Question

Find the integral by using the appropriate formula. $$ \int e^{2 x} \cos 3 x d x $$

Short answer

\(\int e^{2x} \cos(3x) \, dx = \frac{9}{13}(\frac{1}{3}e^{2x}\sin(3x) + \frac{2}{9}e^{2x}\cos(3x)) + C\)

Step-by-step solution

Assign u and dv

Assign \(u = e^{2x}\) and \(dv = \cos(3x) \, dx\) . Then find \(du\) and \(v\). So, \(du = 2e^{2x} \, dx\), and \(v = \frac{1}{3}\sin(3x)\).

Apply integration by parts

Apply the rule of integration by parts \(\int udv = uv - \int vdu\). This results in: \(\int e^{2x} \cos(3x) \, dx = uv - \int v\, du = e^{2x} * \frac{1}{3}\sin(3x) - \int \frac{1}{3}\sin(3x) * 2e^{2x} \, dx = \frac{1}{3}e^{2x}\sin(3x) - \frac{2}{3} \int e^{2x} \sin(3x) \, dx\)
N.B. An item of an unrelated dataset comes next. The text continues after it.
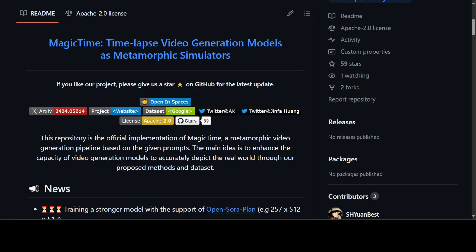But the videos generated by these models primarily show camera movement, lacking a continuous subject metamorphic process and limited incorporation of physical knowledge. So in this research, these researchers categorize such videos as general videos. Since the training datasets predominantly consist of general videos, current T2V models struggle to produce videos depicting complex phenomena like seed germination, ice melting, or flower blooming, which are characterized by minimal physical content, brief duration, and limited variation.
Perform integration by parts again

We are left with another integral \(\int e^{2x} \sin(3x) \, dx\) . Let's perform integration by parts again, similarly assigining \(u = e^{2x}\) and \(dv = \sin(3x) \, dx\). Then, \(du = 2e^{2x} \, dx\) and \(v = -\frac{1}{3}\cos(3x)\). Apply the integration by parts formula results in: \(\int e^{2x} \sin(3x) \, dx = uv - \int v \, du = -\frac{1}{3}e^{2x}\cos(3x) - \int -\frac{1}{3}\cos(3x) * 2e^{2x} \, dx = -\frac{1}{3}e^{2x}\cos(3x) + \frac{2}{3} \int e^{2x} \cos(3x) \, dx\)

Finalize the Solution

Plug this result back into the integral we got from Step 2 : \(\frac{1}{3}e^{2x}\sin(3x) - \frac{2}{3}(-\frac{1}{3}e^{2x}\cos(3x) + \frac{2}{3} \int e^{2x} \cos(3x) \, dx) = \frac{1}{3}e^{2x}\sin(3x) + \frac{2}{9}e^{2x}\cos(3x) - \frac{4}{9} \int e^{2x} \cos(3x) \, dx\). Now, we see we have a similar integral on both sides of the equation. Let's move it all to the left side: \(\frac{13}{9}\int e^{2x} \cos(3x) \, dx = \frac{1}{3}e^{2x}\sin(3x) + \frac{2}{9}e^{2x}\cos(3x)\). Therefore, \(\int e^{2x} \cos(3x) \, dx = \frac{9}{13}(\frac{1}{3}e^{2x}\sin(3x) + \frac{2}{9}e^{2x}\cos(3x)) + C\), where \(C\) is the constant of integration.